** ABOUT THIS TASK **
Pictures are to be omitted; everything else in the data must be transcribed exactly.

** SOURCE MATERIAL **
+---+
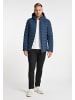 MO Herren Wattierte Winterjacke in Marine
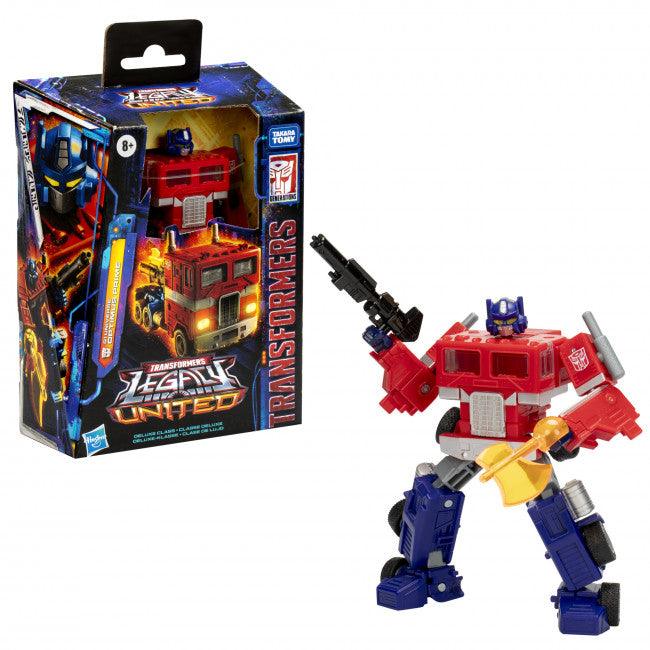26473 Transformers Legacy United: Deluxe Class - G1 Universe Optimus Prime - Hasbro - Titan Pop Culture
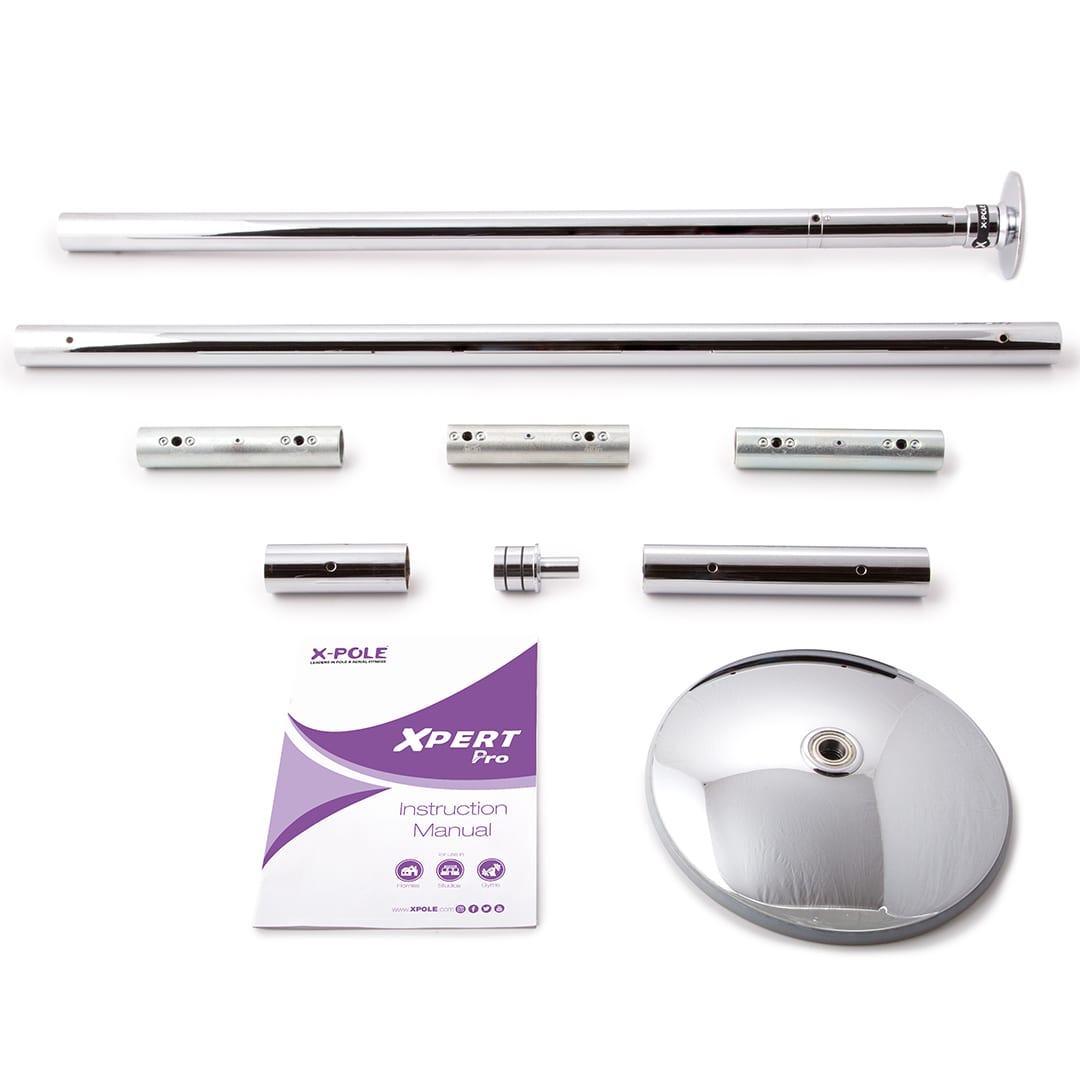 X-POLE XPERT PRO POLE - 45MM CHROME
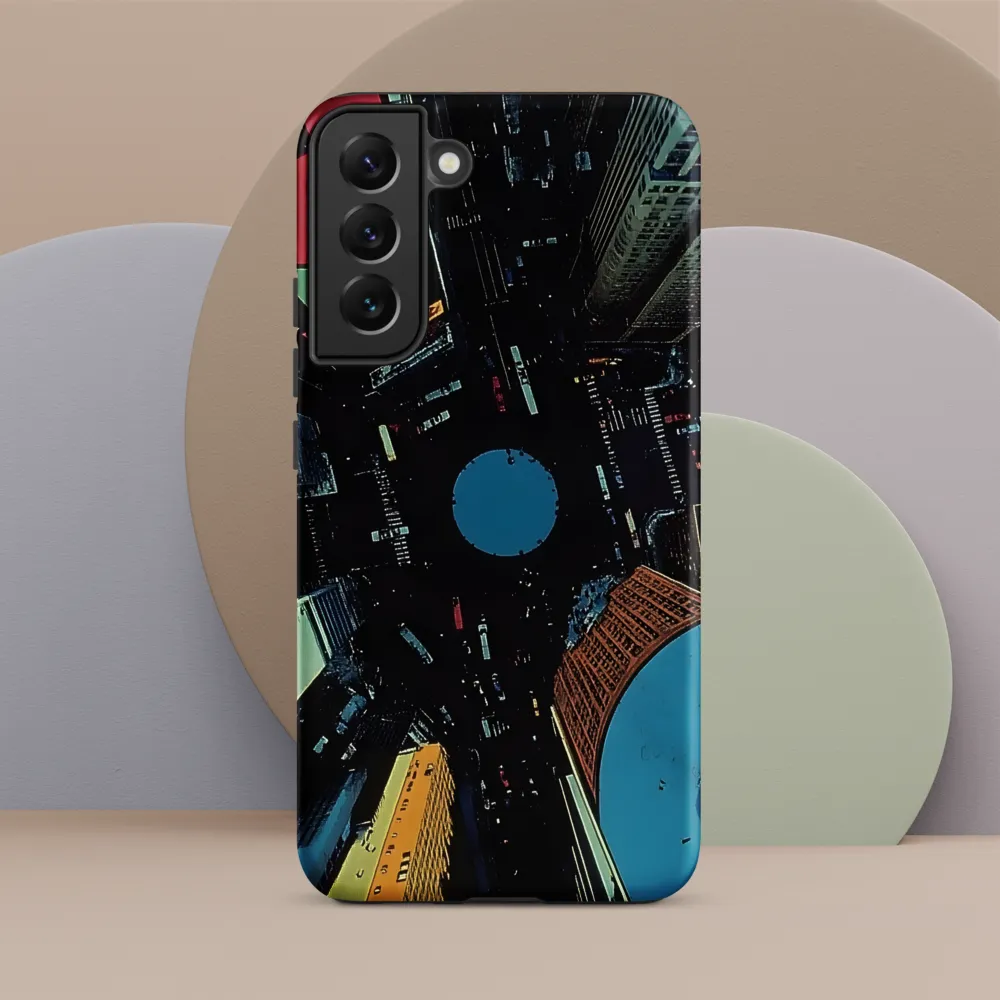 Vibrant Urban Symphony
+---+
** RESPONSE AREA **
 MO Herren Wattierte Winterjacke in Marine
26473 Transformers Legacy United: Deluxe Class - G1 Universe Optimus Prime - Hasbro - Titan Pop Culture
 X-POLE XPERT PRO POLE - 45MM CHROME
 Vibrant Urban Symphony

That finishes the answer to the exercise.